Process-wide cache for the HNSW AnnIndex used by dense semantic search.

Building an HNSW graph is O(n log n) with a wide construction beam, so doing it per query would be slower than brute force. This cache keeps one built index keyed by a content fingerprint of the embedding set: repeated queries over the same corpus reuse the graph and get sub-linear search, while a changed corpus (different fingerprint) transparently triggers a rebuild.

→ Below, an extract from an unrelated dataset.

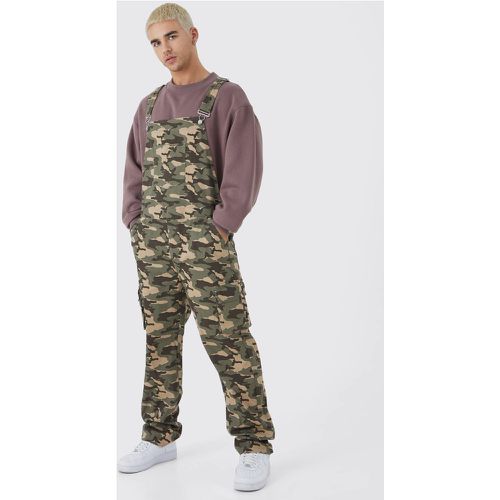 Salopette Cargo rilassata in fantasia militare - boohoo - Modalova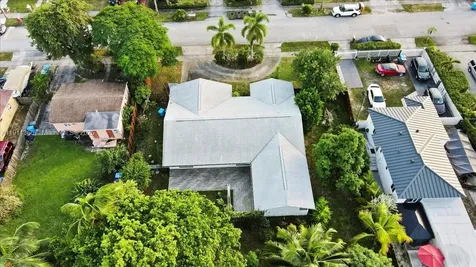 5261 SW 23rd Street West Park FL 33023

It is threshold-gated — corpora below ANN_MIN_VECTORS skip the cache and use exact SIMD brute-force top-k, which is both faster (no graph overhead) and exact. The threshold is deliberately high: at lean-ctx’s typical scale (a few thousand chunks) exact brute force over int8/SIMD dot products is only ~1-2 ms, so HNSW’s approximate recall is not worth trading. HNSW activates only for genuinely large corpora where exact scan would dominate latency. On any lock failure it falls back to brute force, so correctness never depends on the cache being available.

Constants§

ANN_MIN_VECTORS
Minimum corpus size before an HNSW graph is worth building and caching. Below this, exact SIMD brute force is faster and exact (no recall loss).

Functions§

topk
Returns the top-k (index, similarity) pairs for query over embeddings, sorted by descending similarity.